Overthrow of Richard II

Earl Richard was one of the Lords Appellant, the leaders of the baronial opposition to Richard II, and was executed in 1397. Burley's activities during these momentous events seems to have been entirely routine. In July 1397, immediately after Arundel's arrest, Burley was involved in some sort of deal with John Eyton that required a reciprocal agreement to pay each other a substantial £200 the next Michaelmas. Later in the year he is recorded taking recognizances as usual, including an undertaking from William Glover of Ludlow for £60. Business continued, with other smaller clients employing him, along with his usual colleagues. On 7 March 1398 he and Thomas Young were among the feoffees appointed by Isabel de Eylesford to deal with her manors of Brimfield, Herefordshire, and Buildwas, Shropshire: a licence to complete the business by reciprocally enfeoffing Isabel was not issued until April 1402, long after the looming power struggle had reached conclusion, and problems at Brimfield delayed completion until February 1403, by which time Isabel was remarried. Such legal complexities unfolded to an entirely different rhythm from politics. An almost adjacent entry in the Patent rolls for 4 February shows how delicately the king, evidently worried by spreading disaffection, was handling Shropshire people affected by Arundel's attainder. In this case, in an issue that might have been initiated by Burley, the king ensured that an Oswestry brewer would not be out of pocket, as he had invested heavily in premises granted by Arundel.

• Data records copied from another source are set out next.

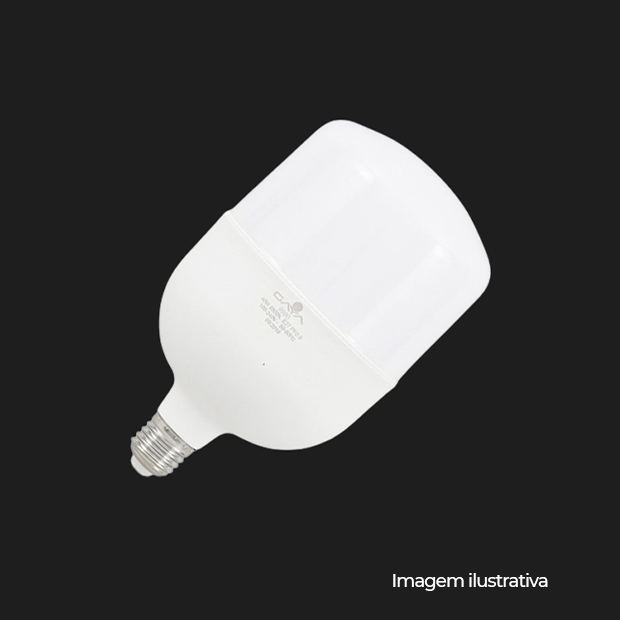 LAMPADA BULBO ALTA POTENCIA 6500K 30W 2400L - COD 9589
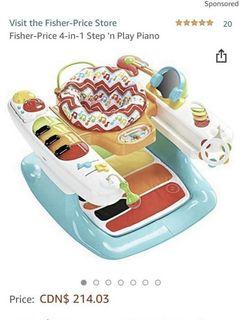 Fisher Price Step and Play Piano Exersaucer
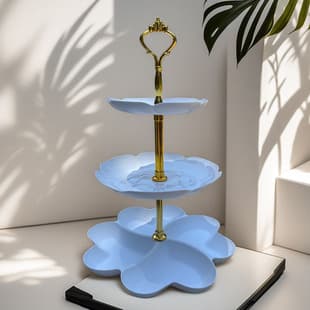 Custom Fruit Tray for Living Room Coffee Table, Candy Tray, Plastic Cake Stand, 3-Tier Snack Rack, Fruit Bowl Decoration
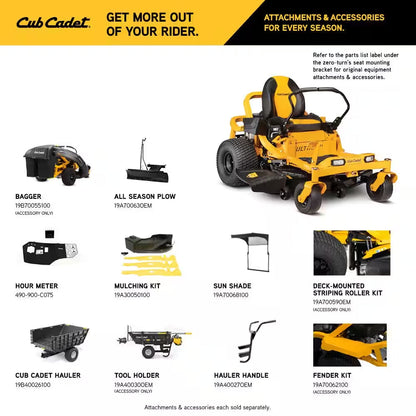 Ultima ZT1 50 In. Fabricated Deck 23HP V-Twin Kawasaki FR Series Engine Dual Hydro Drive Gas Zero Turn Riding Lawn Mower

Burley's own position with the régime seems to have been little affected and he was reappointed as a justice of the peace on 16 September 1398, after a lapse of little more than a year: more or less the same interval as previously.
When the king's enemies struck, the defection of Shropshire was a critical juncture in the rapid collapse that followed. Burley quickly rallied to Thomas FitzAlan, the dispossessed claimant to the earldom, when he returned with Henry Bolingbroke in 1399. Adam of Usk's account of the rebels' march through Shropshire makes clear that they met with a welcome in the county and hints at how this shaped the future power structure of the county, with Thomas Arundel, now Archbishop of Canterbury giving ecclesiastical sanction to the new arrangements.

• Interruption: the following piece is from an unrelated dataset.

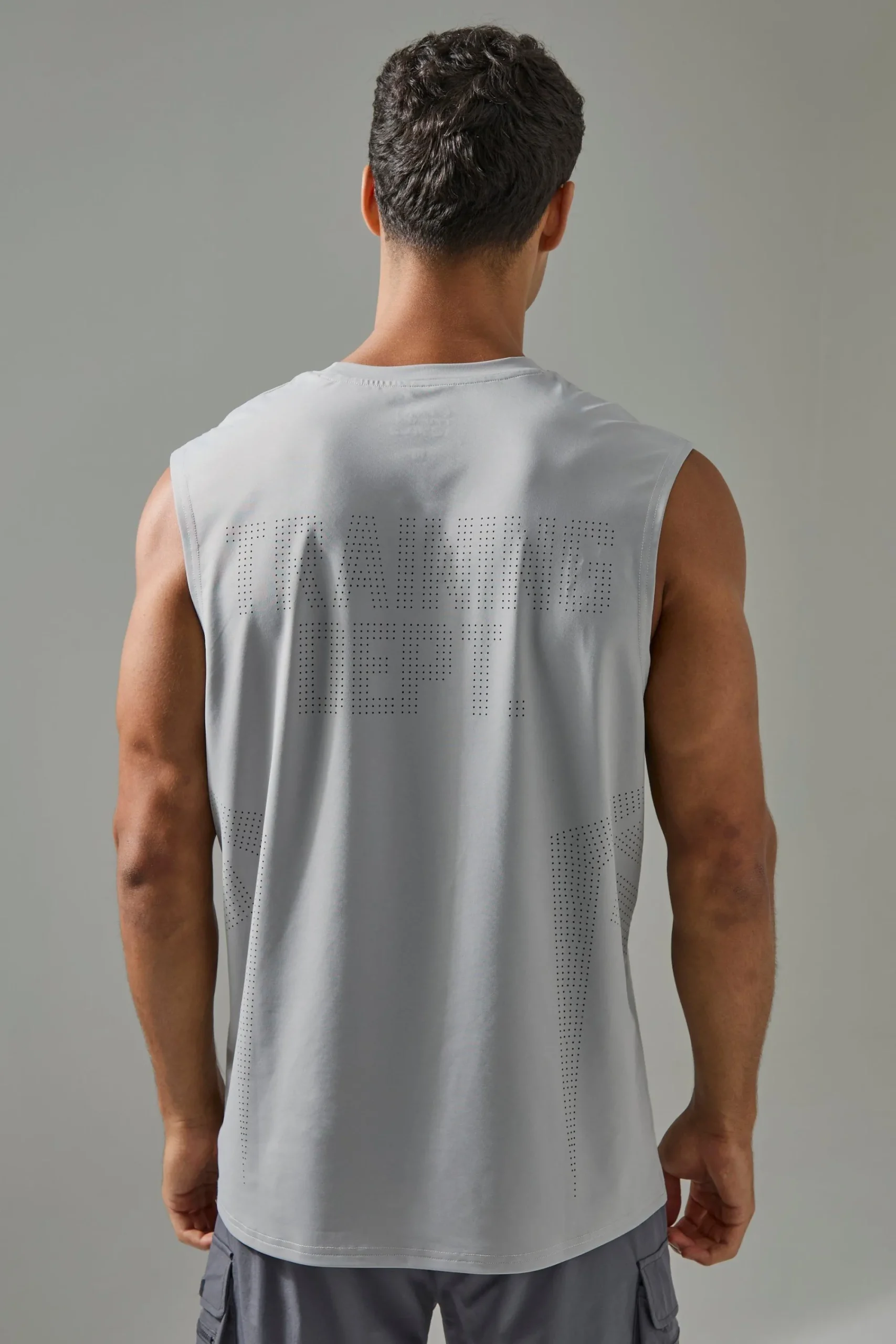 Man Active Training Dept Perforated Performance Tank | UK^boohooMAN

Following the successful coup by the coalition of Bolingbroke and the Arundels, Burley's long-term client Hugh Burnell was one of the barons who accepted the surrender of Richard II at the Tower of London. Prestbury, the new abbot, and his abbey were to become foci for Burley's generosity as he prospered under the new Lancastrian régime and the restored Arundel supremacy in Shropshire.